# MSDM5058 Tutorial 9-1 - Non-cooperative Games

## Contents

1. Non-zero sum game
2. Dominant-strategy equilibrium
3. Nash equilibrium
4. Pareto optimal


---

Historically, game theory only studied zero-sum games (with von Neumann being the leading figure) from 1930s to 40s until John Nash generalized the theory in 1950. The two types of games are collectively called non-cooperative games.
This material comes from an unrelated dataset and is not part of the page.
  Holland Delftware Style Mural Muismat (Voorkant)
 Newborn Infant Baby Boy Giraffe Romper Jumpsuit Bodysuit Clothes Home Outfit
They are contrasted with cooperative games, in which the players can discuss before playing and thus can form coalitions with others.

In this tutorial, we will go through two players games using more general terms.

---

# 1. Non-zero sum game

As mentioned in the last tutorial, a game of two players can be expressed as a payoff bi-matrix 

$$
(\mathbf{A},\mathbf{B}^\intercal) = 
\left(\begin{array}{c|cccc}
& B_1 & B_2 & \cdots & B_n\\ \hline
A_1 & (a_{11},b_{11}) & (a_{12},b_{12}) & \cdots & (a_{1n},b_{1n}) \\
A_2 & (a_{21},b_{21}) & (a_{22},b_{22}) & \cdots & (a_{2n},b_{2n}) \\
\vdots & \vdots & \vdots & \ddots & \vdots \\
A_m & (a_{m1},b_{m1}) & (a_{m2},b_{m2}) & \cdots & (a_{mn},b_{mn})
\end{array}\right)
$$

In general, $\mathbf{A}+\mathbf{B}^\intercal\neq 0$. 

Furthermore, we can express the players' strategies by vectors $\mathbf{x} = \left(x_1,x_2,...,x_m\right)^\intercal$ and $\mathbf{y} = \left(y_1,y_2,...,y_n\right)^\intercal$, where $\sum x_i = \sum y_j = 1$, no matter the strategies are pure or mixed. The payoffs of the players are calculated as:

- $A$'s payoff = $E_A(\mathbf{x},\mathbf{y}) = \mathbf{x}^\intercal \mathbf{A}\mathbf{y}$.
- $B$'s payoff = $E_B(\mathbf{x},\mathbf{y}) = \mathbf{y}^\intercal \mathbf{B}\mathbf{x}=\mathbf{x}^\intercal \mathbf{B}^\intercal\mathbf{y}$

Usually when we talk about the "solution" of a game, we are refering to that the game has reached an **equilibrium** - a strategy profile $(\mathbf{x}^*,\mathbf{y}^*)$ consisting of a best strategy for each of the players in the game. 


Note that an equilibrium is not guarenteed to exist or be unique in a game. 

---

# 2. Dominant-strategy equilibrium

## 2.1. Dominance: revisit

Here we define dominance in a more general way. Consider the payoff of player $p$ $(=A\text{ or }B)$ is $E_p(\mathbf{x},\mathbf{y})$ when the game is played through a strategy profile $(\mathbf{x},\mathbf{y})$. For example, if $A$'s payoffs by two of his strategies $\mathbf{x},\mathbf{x}'$ satisfy

$$E_A(\mathbf{x}', \mathbf{y}) \geq E_A(\mathbf{x}, \mathbf{y})$$

for any strategies $\mathbf{y}$ played by $B$, then we say

- $\mathbf{x}'$ is the **dominant strategy**.
- $\mathbf{x}$ is the **dominated strategy**.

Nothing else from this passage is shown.